Following a stellar set at Riot Fest & Rodeo in Denver earlier this month, Grammy-nominated reggae musician Julian Marley and his band will perform Bob Marley and the Wailers’ landmark 1977 album, Exodus, in its entirety in Chicago on Friday, September 16. We are honored to count these two performances of one of the most celebrated records of all time as one of our album sets at the festival this year.
Whether you’re a longtime fan, a new listener, or you just want to impress your friends with your music knowledge, here are a few facts you should know about the backstory and impact of Exodus:
- Exodus was written over a period of unrest and violence in Jamaica during the country’s 1976 elections. The conflicts informed the album’s lyrical content, particularly its title track that played on Prime Minister Michael Manley’s campaign slogan, “We know where we’re going,” and urged listeners to take a look at their lives and come together in a “Movement of Jah People.”

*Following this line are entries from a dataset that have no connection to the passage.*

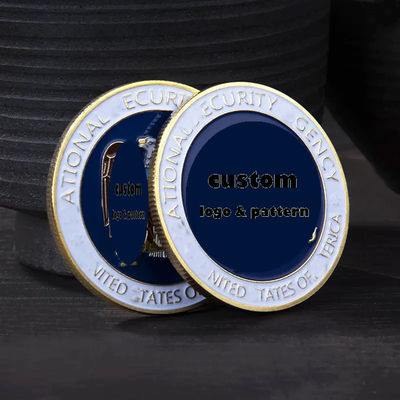 Logo personnalisé argent personnalisé anodisé aluminium Blancs métalliques marque personnalisée Challenge personnalisé pièce d'or pour la gravure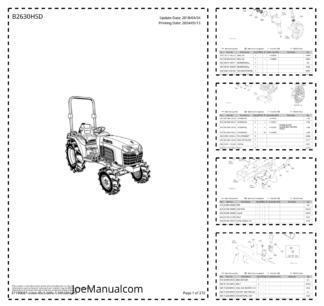 Kubota B2630HSD Tractor Parts Catalog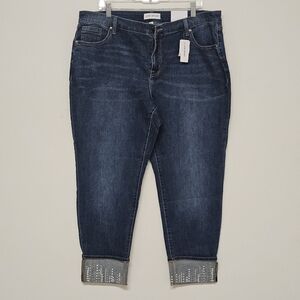 Lane Bryant Dark Blue Boyfriend Jeans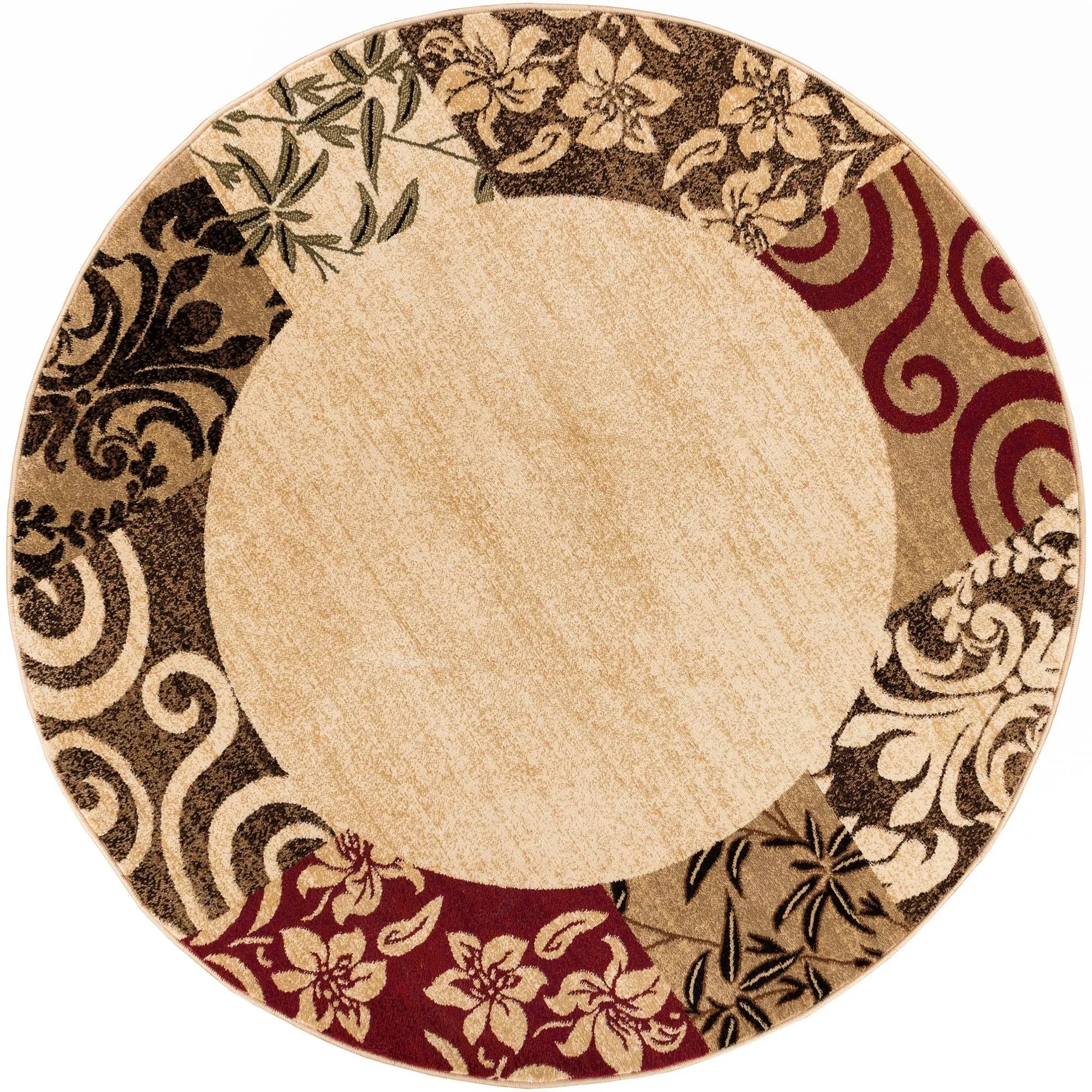 Vane Willow Damask Beige Transitional Round Rug、mySite、gigharbornorthrealestate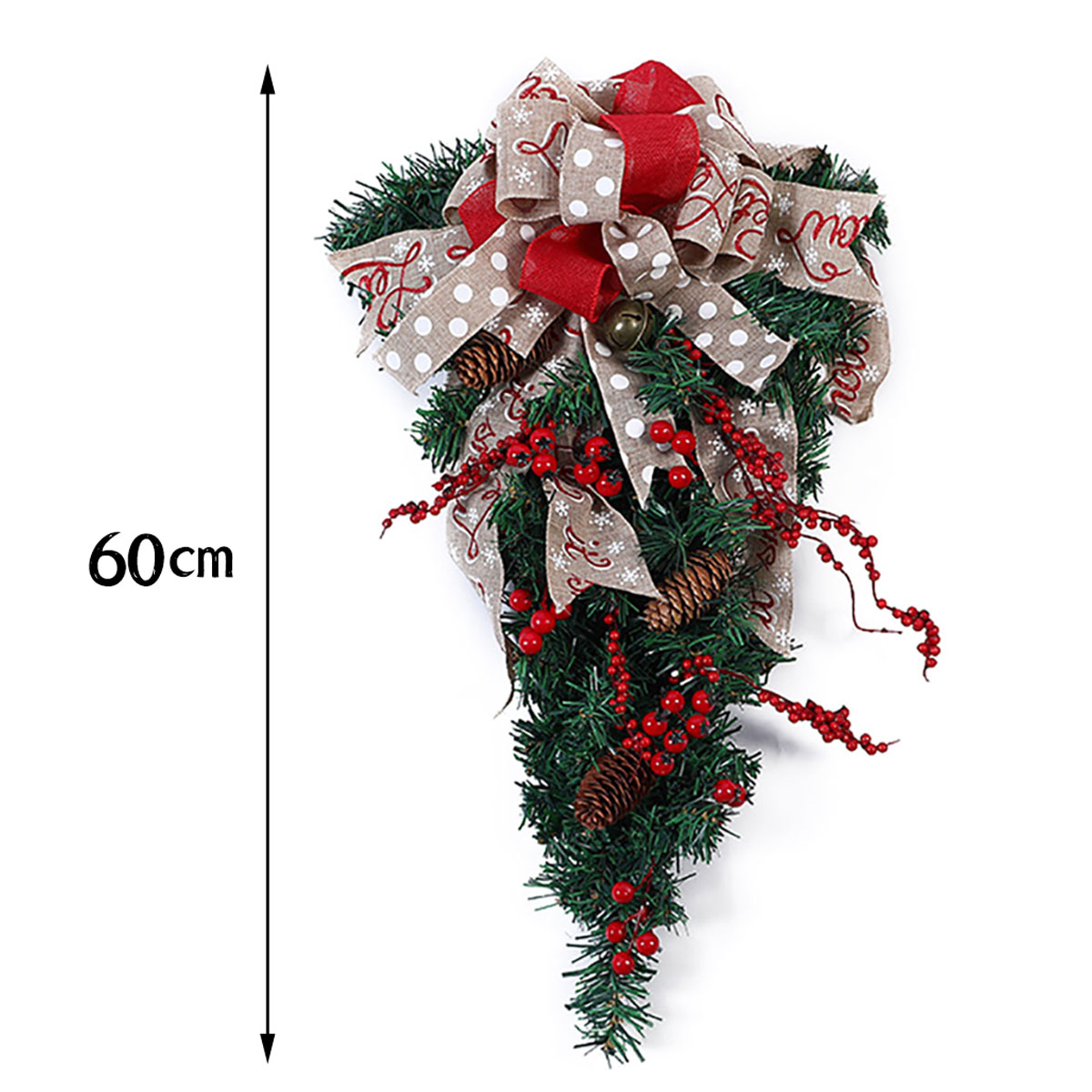 Living and Home Christmas Bow Front Door Wreath 60cm Image 6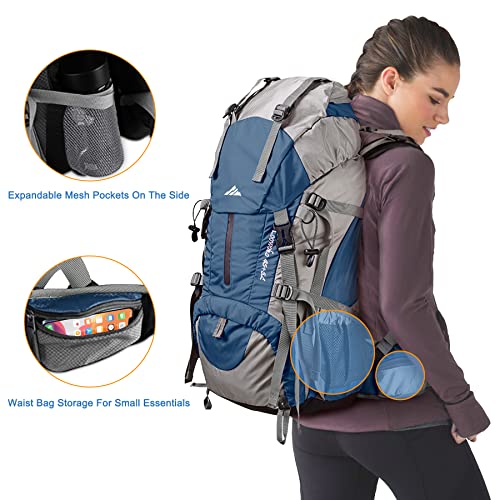 Loowoko 50L Hiking Backpack, Waterproof Camping Essentials Bag with Rain Cover, 45+5 Liter Lightweight Backpacking Back Pack - color: Dark Blue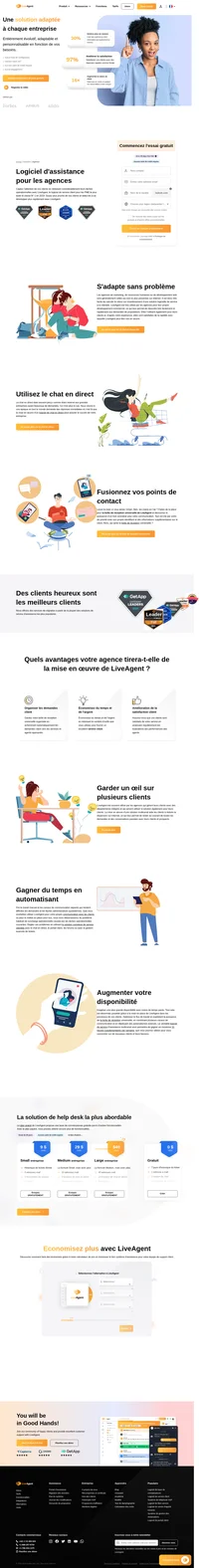 Captez l'attention de vos clients en réduisant considérablement leurs tâches opérationnelles grâce à LiveAgent, le logiciel d'assistance pour les PME le plus évalué et classé N° 1 en 2023.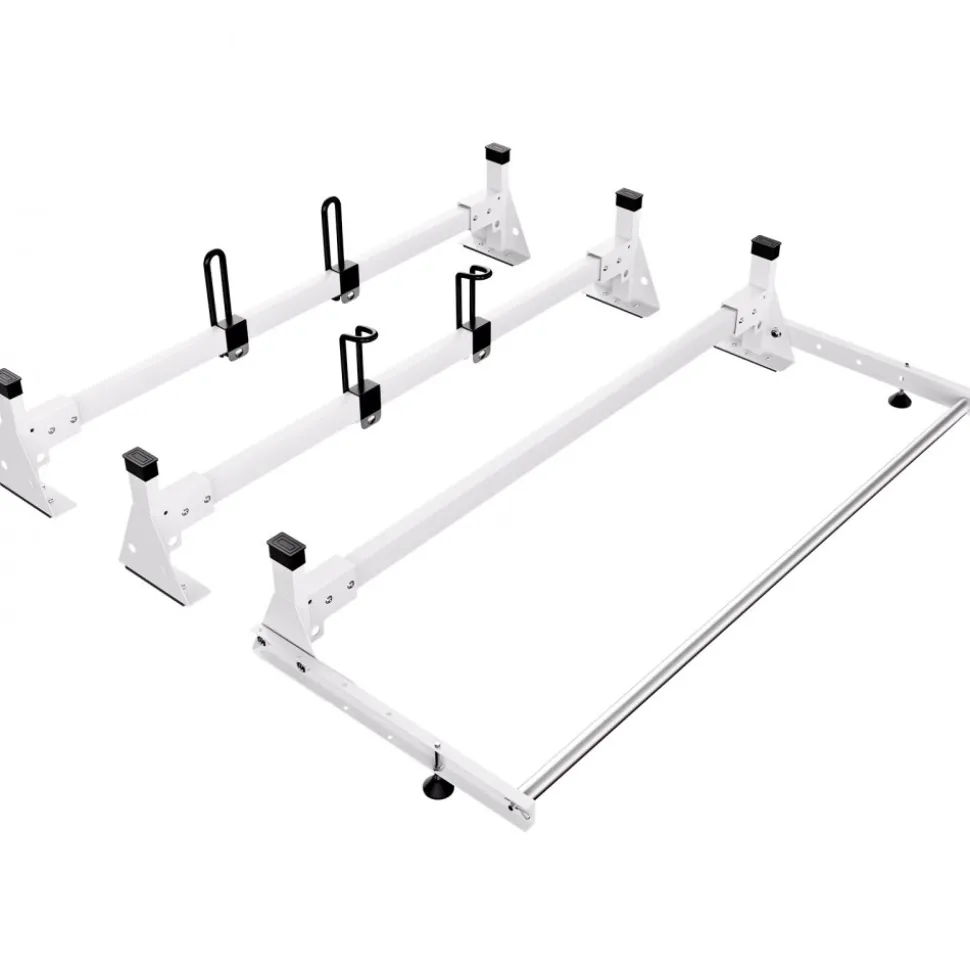 VEVOR Trailer Ladder Rack, 54" 3 Crossbars Ladder Roof Rack, Heavy-duty Steel Van Roof Rack, 800 lbs Capacity Van Ladder Rack with Cargo Roller and Straps, Fit for Ford Transit 150 250 350, 2015-2022
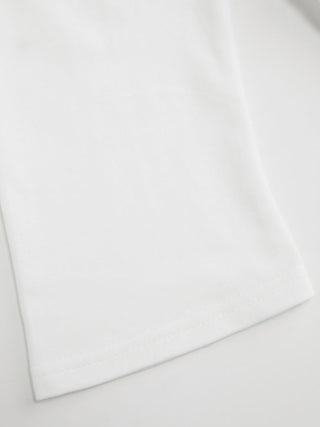Knit Fabric Cotton-blend V-neck Bell Sleeve Lace Panel Tee For Daily Casual Date
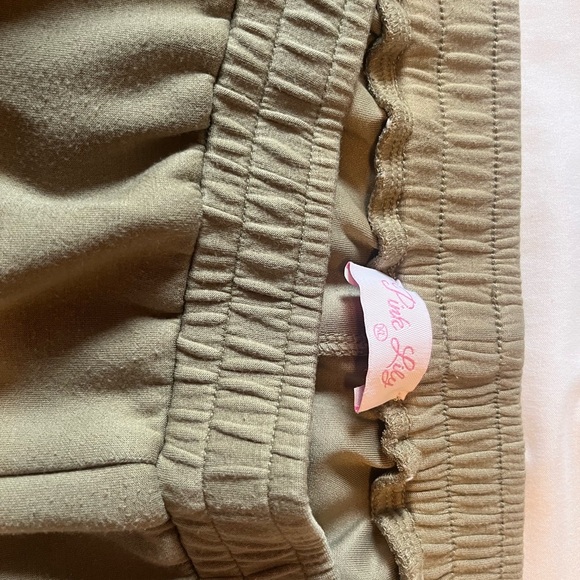 Let's Just Stay Olive Knit Wide Leg Pants Pink Lily - Picture 2 of 4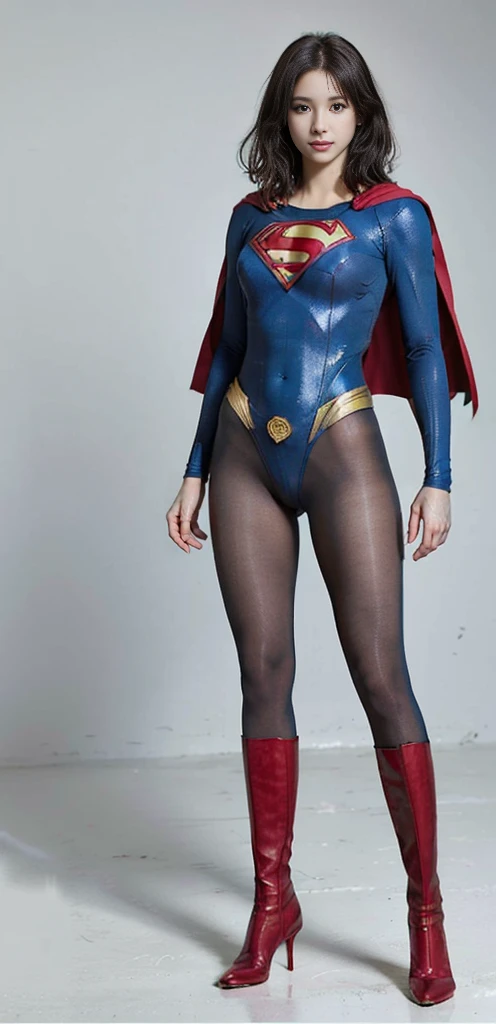 No background、(((Beautiful legs in black tights.)))、(((Legally express the beauty of your smile)))、((((Make the most of your original images)))、(((Supergirl Costume)))、(((Beautiful very short hair)))、(((suffering)))、(((Please wear black tights....、Wear red boots)))、((Best image quality、8K))、((Highest quality、8K、masterpiece:1.3))、(((Preserve background )))、Sharp focus:1.2、Beautiful woman with perfect figure:1.4、Slim Abs:1.2、Wet body:1.5、Highly detailed face and skin texture、8K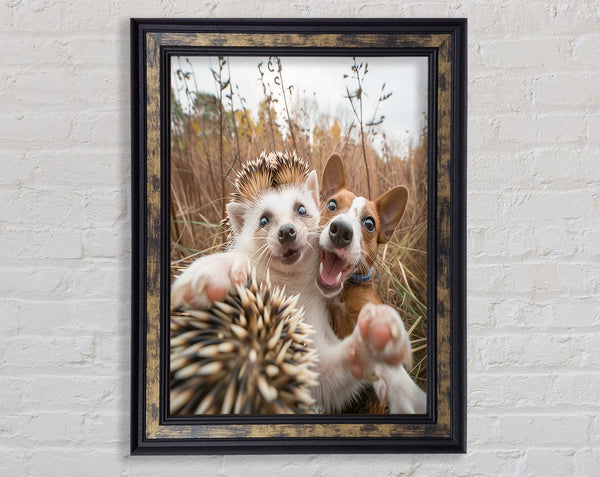 Hedgehog And Dog Selfie Framed Print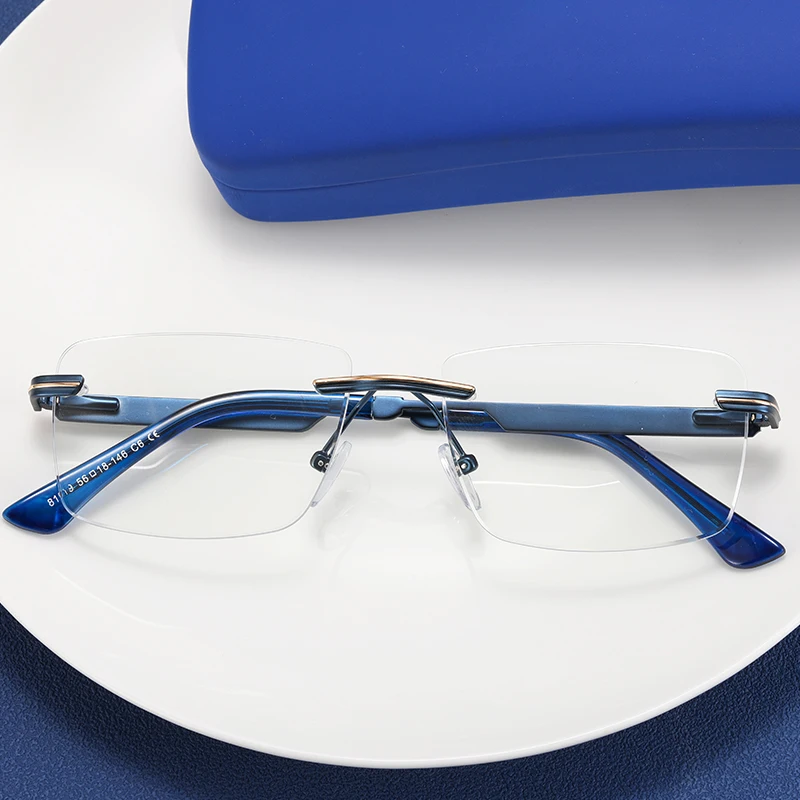 BEMORE Rimless Rectangle Prescription Glasses Man High-Quality Photochromic Anti-Blue Light Metal Optical Lenses with Recipe
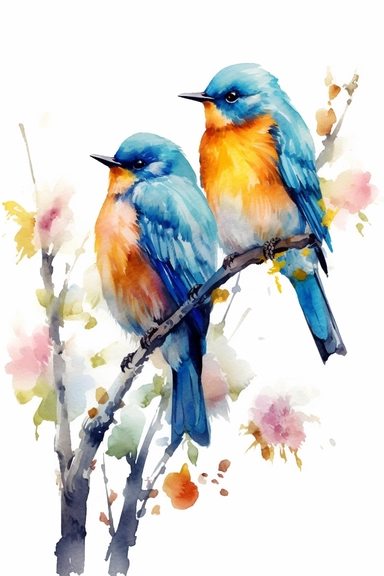 Watercolor cute birds standing on a branch in spring, nature, very vivid colors, highly detailed drawing, white background, clipart, colorful, highly detailed, HD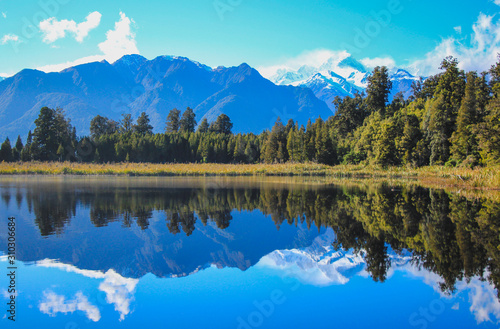 View of Lake Matheson, South Island, New Zealand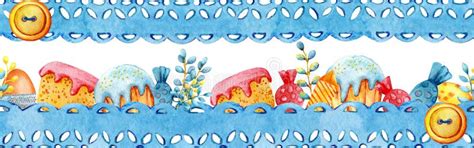 Easter Colored Eggs And Pussy Willow Twigs In A Wicker Basket Hand Watercolor Illustration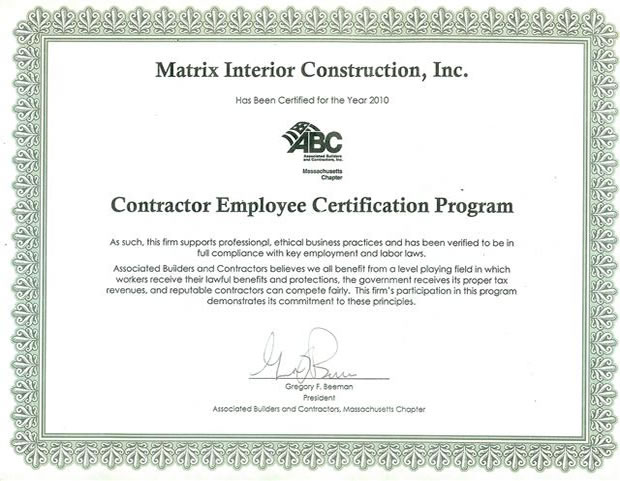 Matrix Interior Construction Inc Licenses Insurance Bonding Certifications ProView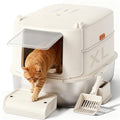 【For Big Cats】Extra Large Stainless Steel Cat Litter Box with Lid XL Enclosed Metal Litter Box for Large Cats, Features High Sidewalls, Removable Cover, Leak-Proof, Non-Stick, Easy to Clean, Beige Color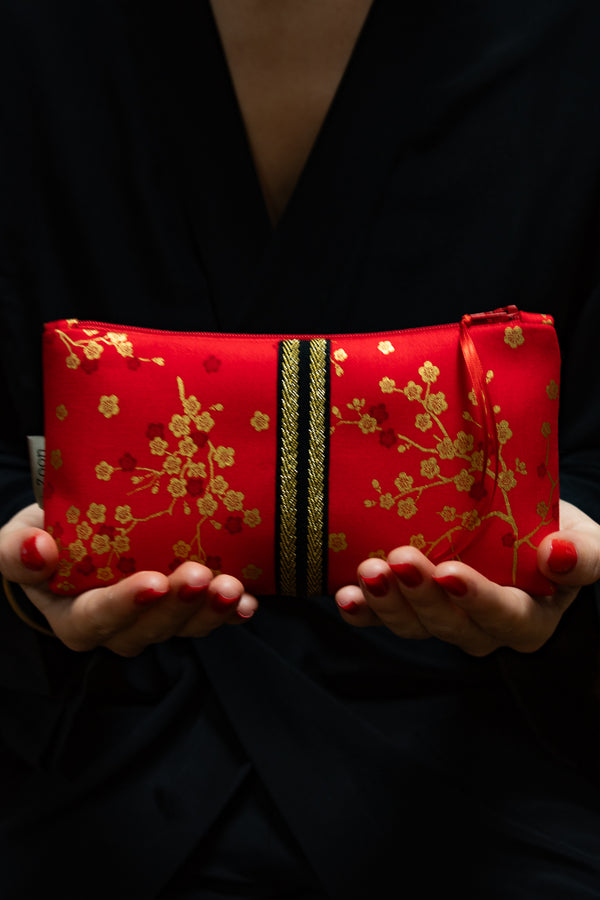 Trousse à maquillage S,M + Pinceau - Madame Butterfly/rouge - tissu japonais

- Written after the original three members of The Wailers—Marley, Peter Tosh, and Bunny Wailer—went their separate ways in 1974, Exodus features a new lineup of musicians: Carlton Barrett on drums, his brother Aston “Family Man” Barrett on bass, guitarists Al Anderson and Junior Marvin, keyboardists Tyrone Downie and Earl Lindo, and percussionist Alvin “Seeco” Patterson. The trio of singers, Rita Marley, Judy Mowatt, and Marcia Griffiths, a.k.a. the “I Threes” provided the backing vocals.
- On December 3, 1976, armed men attacked Marley’s Kingston, Jamaica home, in an assassination attempt in which Marley was shot in the arm. Rita Marley was injured as well. This incident added a more literal tone to the concept of “exodus” when the Marleys and their band fled to safety in London. In her memoir, The Book of Exodus, journalist Vivien Goldman (who stayed with the Marleys in the days before the attack) wrote, “Among those who’ve reasoned about Bob’s Exodus, it’s usually held that the album is wholly a product of the traumatic event that was about to take place. But in reality, Bob already sensed that he was living in a time where imminent horror coloured everyday beauty.”
- Safe in London, Bob Marley and the Wailers set to work recording Exodus at Island Studios, with sessions extending from January-April, 1977.
- Musically speaking, Exodus was a departure from Marley’s previous albums, stepping away from traditional reggae to a fusion that included elements more common to blues, R&B, and rock music.
- In an 1977 album review in Rolling Stone, esteemed journalist Greil Marcus praised the musicianship on Exodus, but panned it for most everything else, questioning if Marley had been pressured to create an album that could breakthrough to mainstream American and British audiences before concluding, “The precise intelligence one hears in every note of music cannot make up for its lack of drama, and that lack is Marley’s.”
- Despite Marcus’ mixed enthusiasm–and seeming to answer his questions about its crossover potential (though hardly the motivations for writing it!), the album was well-received upon its release, reaching #20 on Billboard’s Top 200 and #8 on the British charts.
- Aside from the the Legend anthology, released in 1984, Exodus is the highest-selling album of Bob Marley’s catalog. The original pressing of Legend includes five album tracks from Exodus, making it the most highly represented album of the collection.
- The songs on Exodus have appeared in dozens of movies and television shows over the years, including a memorable rendition of “Jammin” sung by Police Chief Wiggum in the 1997 episode of The Simpsons, “The Caine Mutiny.”
- In their December, 31, 1999 issue, TIME magazine named Exodus the “Album of the Century.” Around the same time, Exodus’ final track, “One Love,” with its call for unity and peace, was honored as the “Song of the Millennium” by the BBC.
- Despite the nature of its earlier review, in the 2003 Rolling Stone ranked Exodus #196 on its “500 Albums of All Time.”
- Rankings and critical accolades aside, the reason Exodus remains so beloved across the globe nearly four decades after it was first released is its ability to impact its listeners on a personal level, whether through its themes of love, peace, compassion, and redemption, or simply for the beat.